Smart Utility: What does "LBA of First Error" really mean?

Question

Level 1

10 points

Smart Utility: What does "LBA of First Error" really mean?

I have a 300-GB (300069052416-byte, 586072368-sector) WD IDE drive. Although no other software indicates a SMART failure, *SMART Utility* always tells me that it's failing.

It reports that there are 25 total errors, but the last errors reported were 675 +Power-On Hours+ ago. It reports 23 Pending, 5 Removed, and 7 Reallocated Bad Sectors.

The drive now has 17819 +Power On Hours+. Back when that figure was in the range of 10515 to 13931, a total of five tests all gave a result with *LBA of First Error* 506133194. From Power On Hours 14231 to now, 12 of 13 tests all gave +LBA of First Error+ as between 548453258 and 548453380. The lowest +LBA of First Error+ was 456051244 at 17094 hours.

Do these consistently high numbers for +LBA of First Error+ mean that there is only a problem with the drive surface in a limited area, rather than with the mechanism? If that is the case, I can regard just the third of the three volumes on the drive as problematic, copy its contents elsewhere, and perhaps create a new, smaller third volume. Of course, I will not be using this drive, and especially the third volume, for anything irreplaceable.

I should mention that i bought this drive over five years ago and it's possible that, being naive in such matters, I did a low-level format! Also, in case it matters, the drive is partitioned with MBR, though all the volumes are HFS+! (I meant to make the drive bootable, but I was a bit ignorant at the time.)

Dual 1.42 GHz G4 MDD, Mac OS X (10.5.8), I have or use several other Macs, mostly MDD's.

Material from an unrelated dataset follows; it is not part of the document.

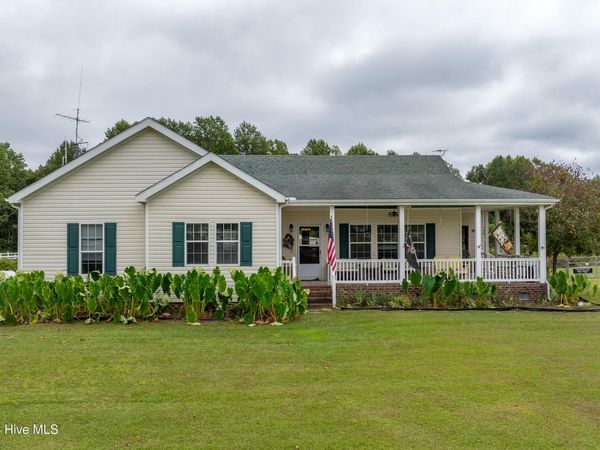 330 Boyd Lane, Cove City, NC 28523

Posted on Mar 19, 2011 12:07 AM

Reply

Answer 1

BDAqua

Level 10

238,979 points

Mar 19, 2011 10:59 AM in response to aarons510

I think it means the Disk is running out of hidden replacement Sectors for the bad ones.

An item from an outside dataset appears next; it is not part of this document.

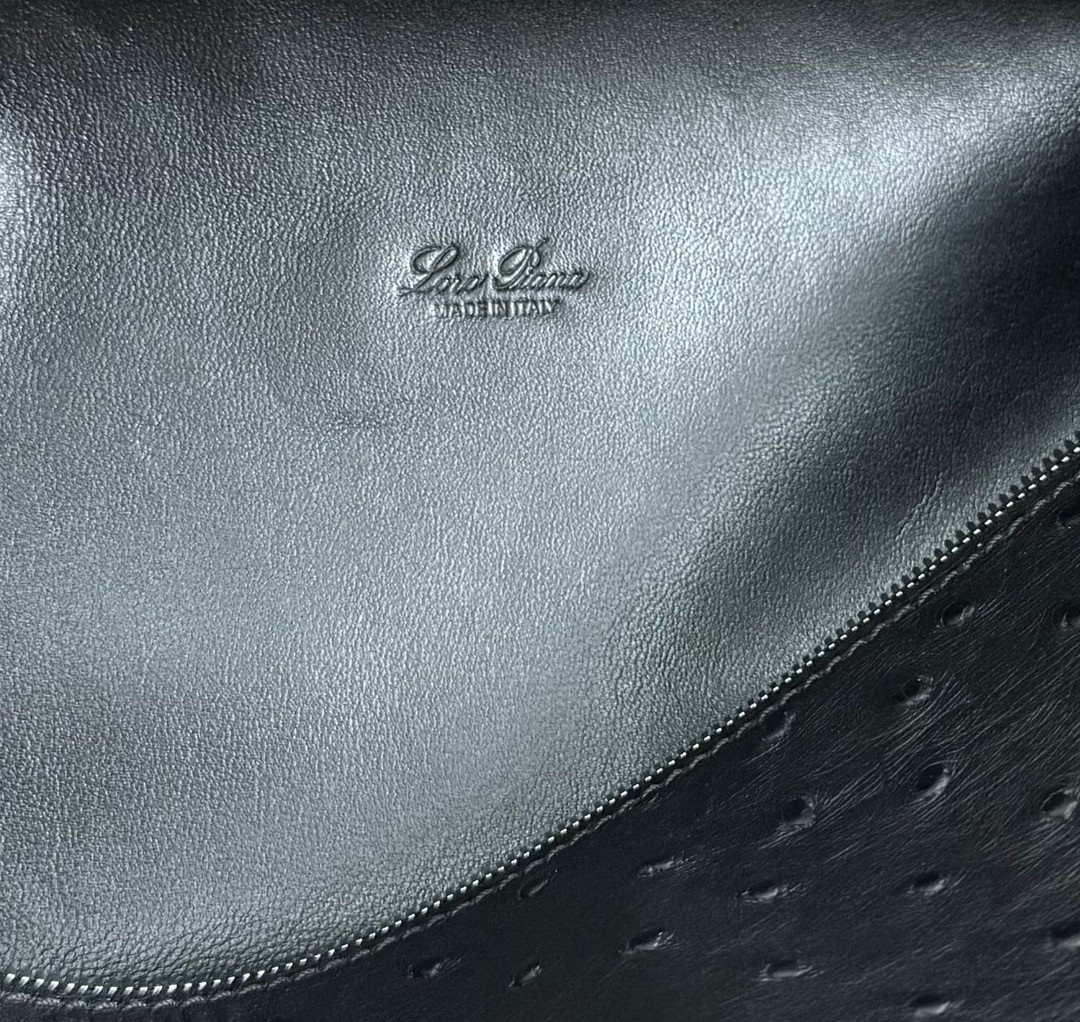 Loro Piana Extra Pocket L27 Ostrich-grained Leather 16x27x10cm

Modern storage devices tend to handle the simple cases automatically, for example by writing a disk sector that was read with difficulty to another area on the media. Even though such a remapping can be done by a disk drive transparently, there is still a lingering worry about media deterioration and the disk running out of spare sectors to remap.

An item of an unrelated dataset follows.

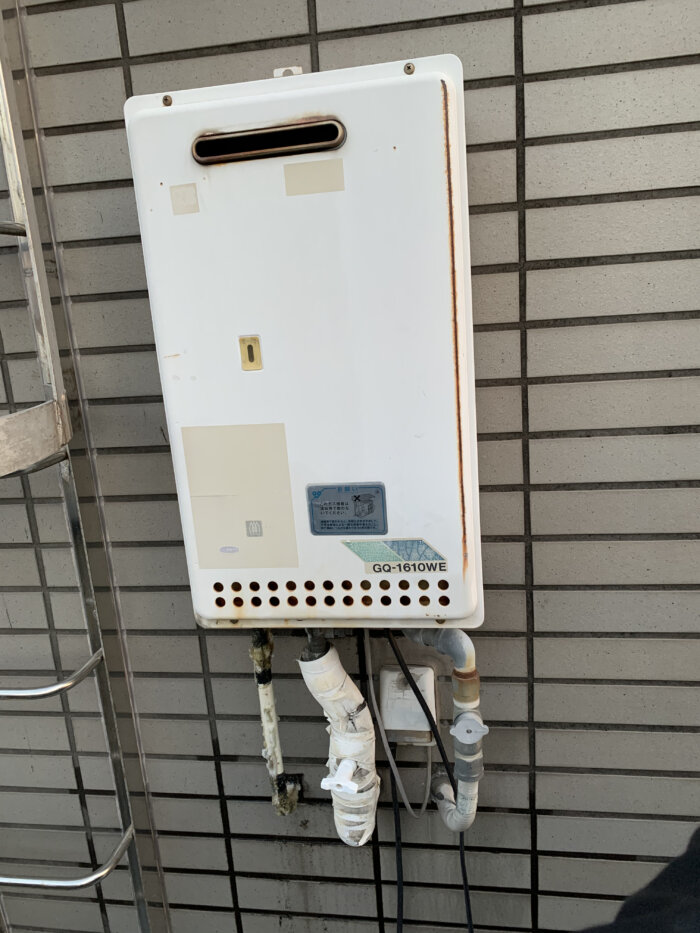 神戸市須磨区T様邸ガス給湯器（都市ガス）取替工事👷‍♂️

http://smartmontools.sourceforge.net/badblockhowto.html

Do these consistently high numbers for LBA of First Error mean that there is only a problem with the drive surface in a limited area, rather than with the mechanism?

Most likely the Surface, but not 100%.

More info on SMART...

http://www.noah.org/wiki/Disk_errors

Reply

Answer 2

Mar 19, 2011 1:56 PM in response to BDAqua

That message means:

I found some errors.
The Logical Block Address for the FIRST of the errors I found was block 506133194 ( at the 253,066,597K mark). They only gave me one little spot to write down a block number, so that's all I can tell you.

Reply

Answer 3

aarons510 Author

Level 1

10 points

Mar 19, 2011 9:27 PM in response to Grant Bennet-Alder

I understand that 'LBA of First Error' means 'First Error' and not 'All Errors'. But does 'First Error' mean 'Error with lowest LBA' or something else?

Reply

Answer 4

Mar 20, 2011 7:32 AM in response to aarons510

Do these consistently high numbers for LBA of First Error mean that there is only a problem with the drive surface in a limited area, rather than with the mechanism?

Yes. That is one of the most common modes of failure. If the mechanism had a failure, the drive would probably stop working entirely (and possibly quite suddenly.)

Don't celebrate yet. Those sorts of problems are sometimes caused by magnetic regions that just spontaneously "go bad". But they are more often caused by hard contact between the flying heads and the surface of the rapidly-spinning platters. This can be a contact so severe that it sprays magnetic debris from the platters inside the quasi-sealed portion of the drive. This turns what was a "near clean room" environment into an area strewn with magnetic dust.

Data is stored using a semi-redundant code (from a class of codes called Hamming codes) that allow the drive controller to do error correction for small bursts of errors in a block. If the block cannot be corrected, it is retried, and retried, and retried (dozens to hundreds of times) before the controller gives up and adds it to the possible bad blocks list. Since the correct data for that block are unknown (since the block cannot be read and corrected) the drive cannot do anything more about it until you supply new data to be written to the block.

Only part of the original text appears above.